Saturday, 2 April 2011

more April flowers

The buds on the wild gean are just opening.  This is a big, multi-stem tree that sits at the point where the garden meets the wood.  It was here when we moved in, and I'm pretty sure it was put there by the birds and not our predecessors, who were not keen gardeners.  Prunus avium can be a weed tree in woodland gardens, and I recall being shown around such a one in Suffolk by an owner who regarded wild cherries with the lack of enthusiasm generally reserved for sycamore seedlings.  But it is a fine thing in the right place.  When in full bloom its beauty will indeed "shine out like a beacon of snow" for a few days.  The pigeons have a go at the flowers but it is too large to be unduly troubled by them.  Lucky we don't have bullfinches.

Little bulbs are still putting on a fine display.  In the gravel, following on from the dwarf iris, there are brilliant blue Scilla siberica, and softer blue Chionodoxa and Puschkinia.  Two-tone Muscari latifolium grows there, its flowers brighter blue at the top of the stem and dark blue on the lower half.  The white flowered Muscari botryoides album also does well and spreads obligingly.  I have a few plants of Anemone pavonina, bought at the Chatto gardens after admiring them in the gravel garden.  These come in rich but soft shades of pink and cream, with flowers of a similar size to A. coronaria.  They seem reasonably perennial, but my attempt to increase my stock by saving and sowing seed failed, as the seed went mouldy.  Maybe they will do the job for me in situ.

In the long bed along the edge of the drive I have a lot of hyacinths.  I have never bought a hyacinth on purpose to plant in the garden, but after using them in pots, even indoors, I always plant them out.  They last for years.  This is not unusual: Christopher Lloyd wrote of one clump in his garden that he knew was decades old, because the plants had originally been given to his brother when he had appendicitis.  I like to ring the changes in pots from one year to the next, so we have dark and pale blue, yellow, white, and an exciting shade of purple from the variety 'Woodstock'.  This looks especially good in the late afternoon, with low sun and the light quality that comes with the threat of heavy rain somewhere, when the purple almost appears to fluoresce (Verbena bonariensis will do the same thing in that kind of light).  One of my tasks for this afternoon will be to replant a potful of Centaurea, originally planted last autumn, which I noticed had been pushed half out of the ground by a determined emerging hyacinth snout.  Despite their exotic appearance, hyacinths are attractive to foraging bees.  My hyacinth pots this year have almost failed though, for the first time in 25 years.  They were stood outside, due to lack of space in the greenhouse, and only about three bulbs out of 20 have come through.  The bulbs looked fine and healthy when planted, so I presume it was too cold for them.
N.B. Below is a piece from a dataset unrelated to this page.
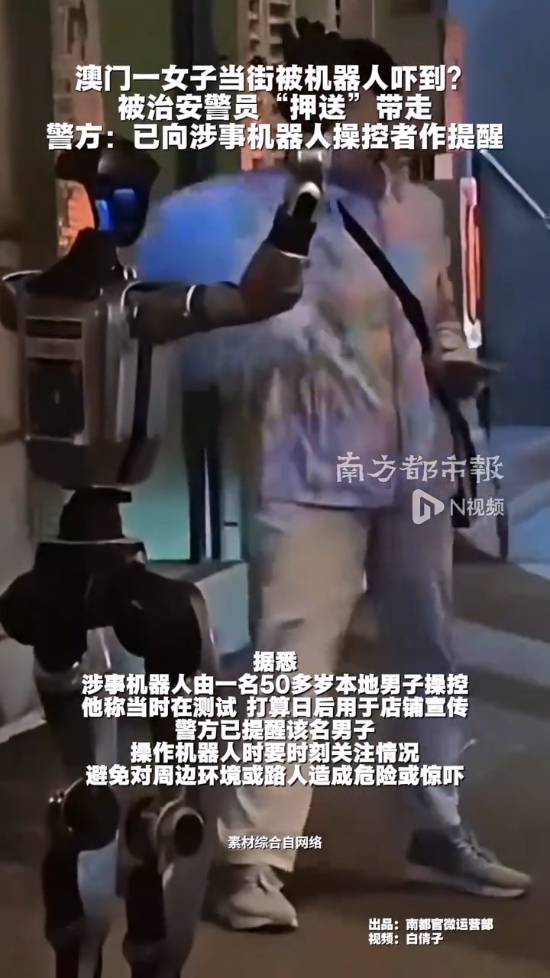 女子当街被机器人吓到医院 警察将机器人押送带走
In the back garden I have some of the dwarf tulips, I think 'Ancilla' and 'Heart's Delight'.  They are cheerful little plants that persist well in the border, though sadly mine are blooming through a ground cover layer of sheeps' sorrel, as I haven't managed to get to that bed yet, as I work my way round the ravages of winter.

The only trouble with dwarf bulbs and an enthusiasm for self seeding is that hand weeding rather than hoeing is generally required.  I like spending time with the plants, and am resigned to the fact that the garden tends to be rather weedy.  Since I have no plans to open to the public I needn't worry unduly about other people's notions of how a garden should look.  But if you like things to be tidy then extensive bulb plantings anywhere other than in pots or naturalised in long grass probably aren't for you.

Addendum  The irrigation is running in the lettuce field, sending up sprays of water between the rows like a finer version of the fountain in the courtyard at Somerset House, and the fleece is shining in the sun as brightly as the sea.  If I were a keen (or even competent) photographer I ought to keep a photo diary of the lettuce farm throughout the year.  It could easily fill up a room or two at Tate Modern.  Unfortunately I am not a good photographer, finding that walking around trying to capture things in a camera prevents me from looking at them.  But somebody should do it.